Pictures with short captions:

————————

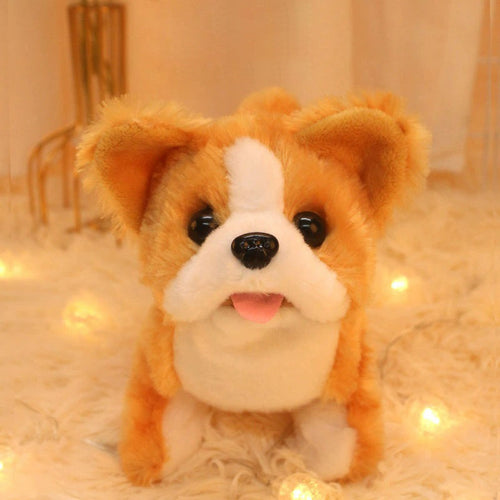 🐼PandaPals, 🐶DogPals, and 🐰BunnyPals – Your Realistic Animal Companions!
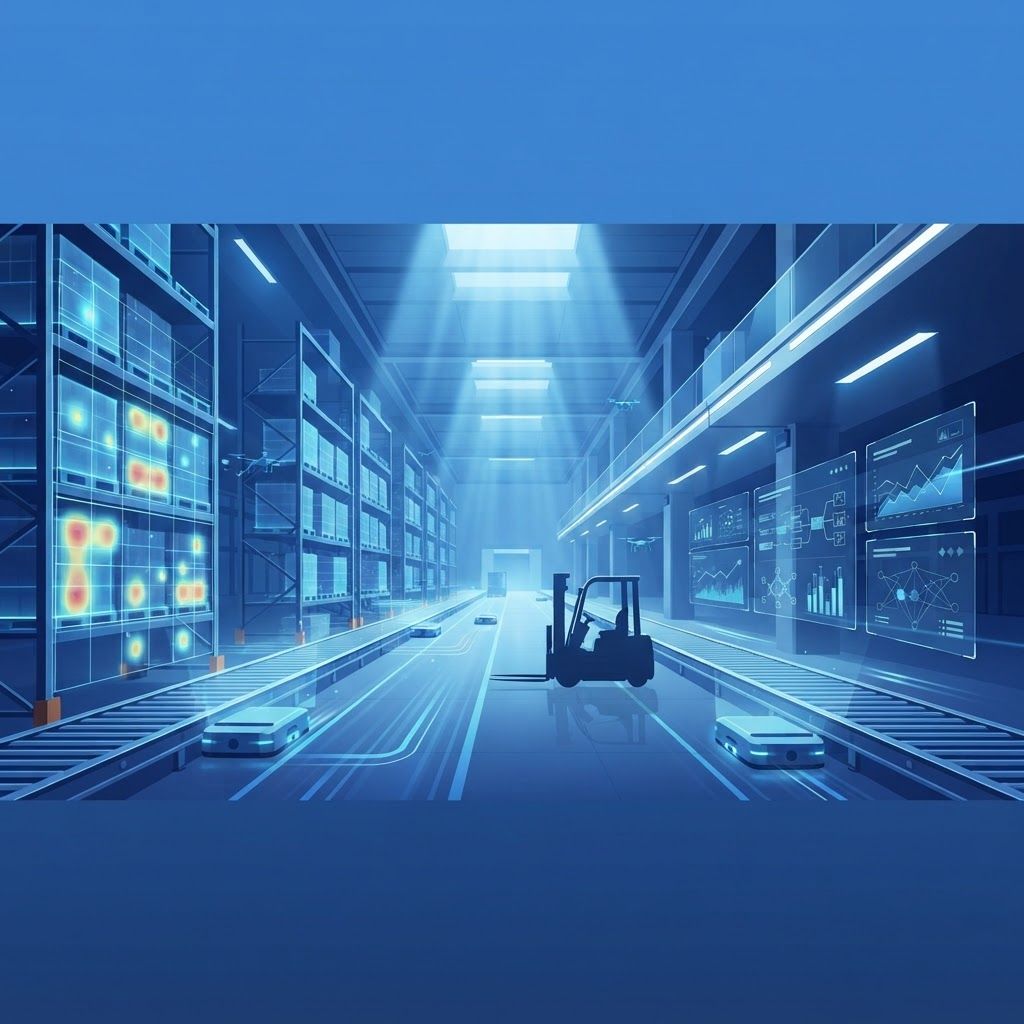 Top 10 Best Warehousing Companies in Trafford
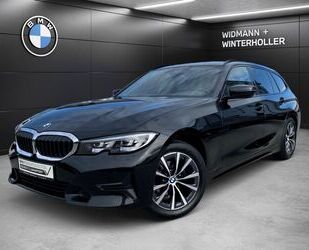 BMW 318 Gebrauchtwagen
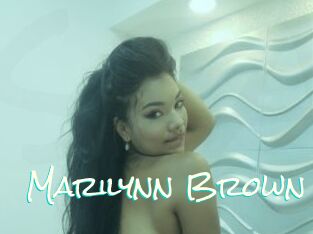 Marilynn_Brown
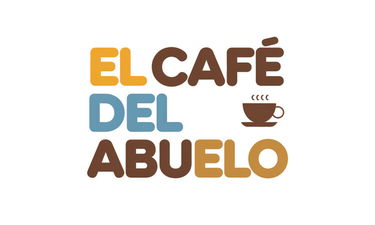 ElCafeDelAbuelo.com - Creative brandable domain for sale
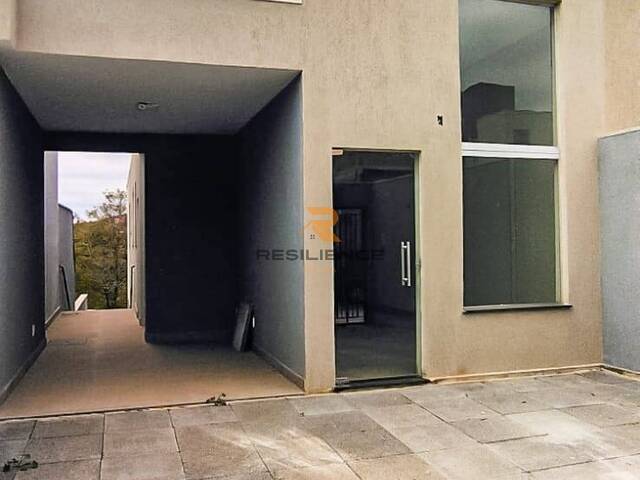 #921 - Casa para Venda em Lagoa Santa - MG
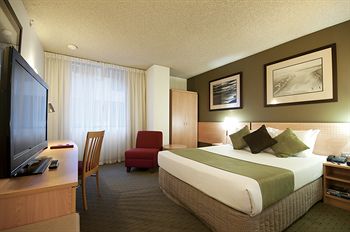 Crossley Hotel Melbourne - Mackay Tourism 6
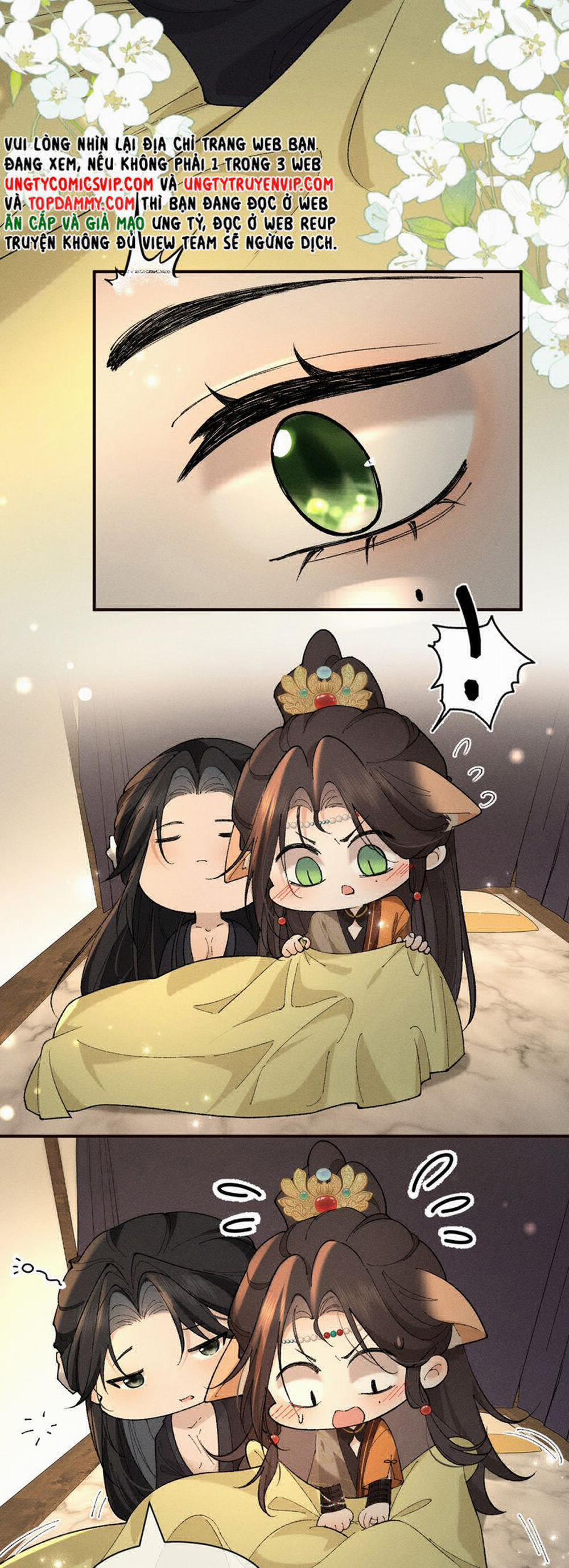 Hải Vương Sau Khi Hoàn Lương Sa Vào Tu La Tràng 20 trang 8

————————

• _Assigned task_
Starting at the line that contains "BMW 318 Gebrauchtwagen", please write out each line through the last line of the data, both ends included, and keep pictures out of the copy.

• _Answer to the exercise_
 BMW 318 Gebrauchtwagen
 Marilynn_Brown
 ElCafeDelAbuelo.com - Creative brandable domain for sale
 #921 - Casa para Venda em Lagoa Santa - MG
 Crossley Hotel Melbourne - Mackay Tourism 6
 Hải Vương Sau Khi Hoàn Lương Sa Vào Tu La Tràng 20 trang 8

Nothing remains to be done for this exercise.